SoonToBeSix · 17/05/2015 00:21

Elizabeth with UC a couple will have to earn the equivalent of 70 hours at NMW not 35. If they have a child under 13 it's 52.5 .

SoonToBeSix · 17/05/2015 00:32

Viviennemary a couple could have a Sahm under UC as longer as their partner is earning the above amounts. Actual hours worked per couple is irrelevant.

LotusLight · 17/05/2015 06:24

Very helpful to have the exampls. I did soething similar for a single mother who did not work and one who earned £45k or £55k and had £14k tax./NI, £14k rent or mortgage (SE) and £10k pa per child - her twin sister.
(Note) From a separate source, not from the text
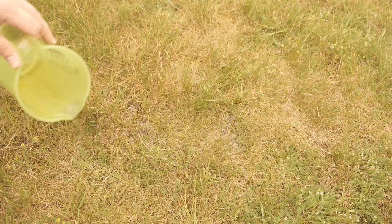Now you just have to water your brown spots on the lawn with it. Then wait a bit — the ingredients of the beer will now ensure that the lawn can recover slowly again and these brown spots disappear. You can also use it specifically only on the brown areas of the lawn.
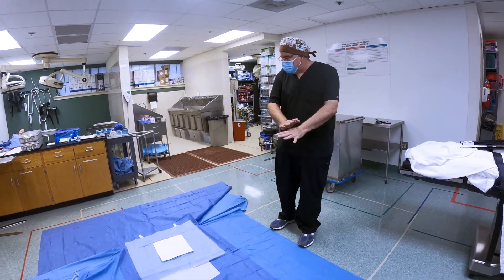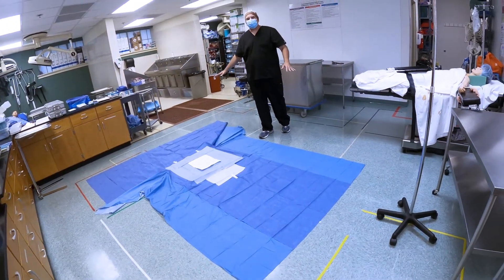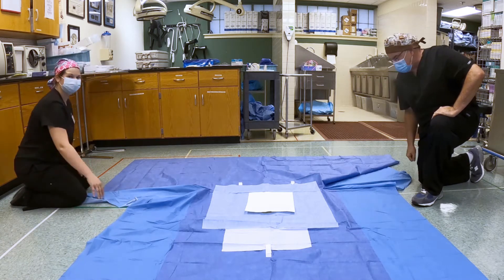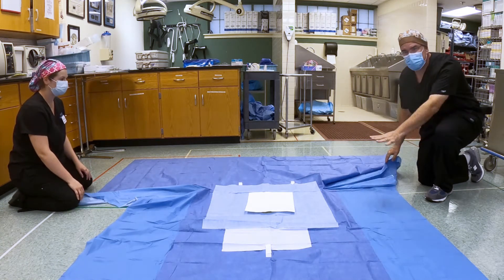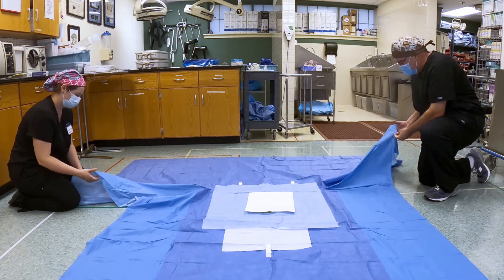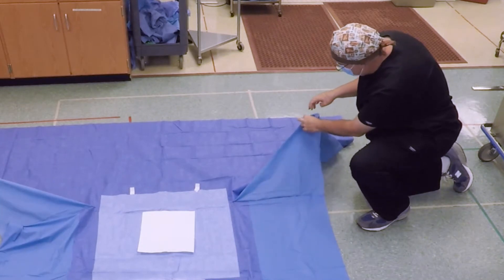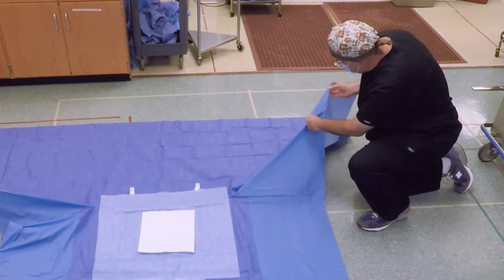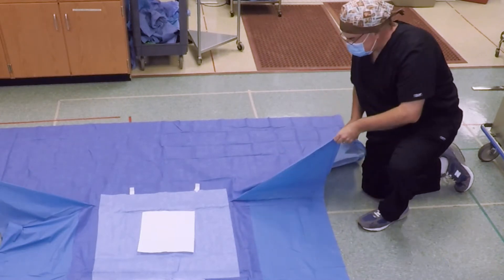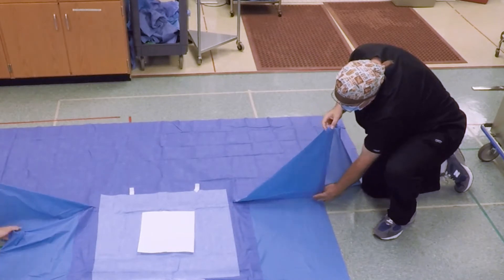The first thing you do is spread out your laparotomy drape on as large a floor surface as you possibly can. To do this, you're going to need a partner to help you. Stretch out the laparotomy drape as long as you can — you're going to find that these creases are your friend. Notice this first diagonal crease right here. Pull this all the way up to the diagonal crease and fold it down so that this line here is perfectly horizontal.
The worker was no better (except longer term when no childcare needed to be paid for and in terms of "career investment").

That change to UC so that whether parents work or not to get the working tax credit both parents will need to work 35 hours will make things a lot fairer particularly for those of us women who work full time including single mothers like I am.

KneeQuestion · 17/05/2015 07:55

I find it shocking that the jobcentre are making heavily pregnant/very ill people "jump through hoops" as some say. My last appointment i went to was for 3pm so i struggled to get there via public transport (thankfully no 2mile walk this time as made connecting bus) and got made to wait 40mins to be told ill phone you in a fortnight to see how you areangry why could she not of phoned me instead of me having to do a fair bit of trailing while in pain?

That is why from your 29th week of pregnancy, you are eligible for income support.

The job centre are only making you jump through hoops because you have chosen to not go over to income support, so the ESA related hoop jumping is still being applied to you.

ElizabethG81 · 17/05/2015 08:17

Thanks SoonToBeSix, I didn't know that. They have been very vague about what the requirements will be under UC. It's almost as if they haven't got a clue what they're doing Grin

LotusLight · 17/05/2015 08:17

And I commuted to London regularly to work full time until I went into Labour. Workers do work in pregnancy. I don't see why pregnancy unemployed single mothers should be subject to greater feather bedding.

ElizabethG81 · 17/05/2015 09:00

People have different pregnancies. If you're working you can start maternity leave from 29 weeks, and if you aren't working you can claim income support from 29 weeks, there's no special treatment.

Hillingdon · 17/05/2015 09:51

I hope I am misunderstanding this. Are we saying that people have found themselves in a situation whereby (single or otherwise) where they are able to choose to do less hours and get topped up by tax credits.

LotusLight · 17/05/2015 09:53

Hillingdon I think that is the current system. Universal credit is trying to address that.

Someone who earns £13k a year on part time hours might find they end up with the same money as someone on £25k a year full time because of tax credits and housing benefit.

SouthWestmom · 17/05/2015 09:59

That's exactly the situation at the moment. I know two people offered permanent extra hours who won't take them as they would lose tax credits and would have to be at work more. I genuinely think that's wrong.

Hillingdon · 17/05/2015 10:02

Omg. No wonder in certain instances people are claiming it's not worth working. I really do hope this is changed. Thank god the Tories got in. Labour seems to be going from bad to worse, will there be anyone left to go for the leadership?

GlitterTwinkleToes · 17/05/2015 10:10

Those figures are wrong.

You are not entitled to housing benefit if your working and receiving tax credits as part as a couple. You have no help in that aspect. Which is righty so imo.

child benefit is not £1789pa at all - £20.50 a week at 52 weeks = £1066pa.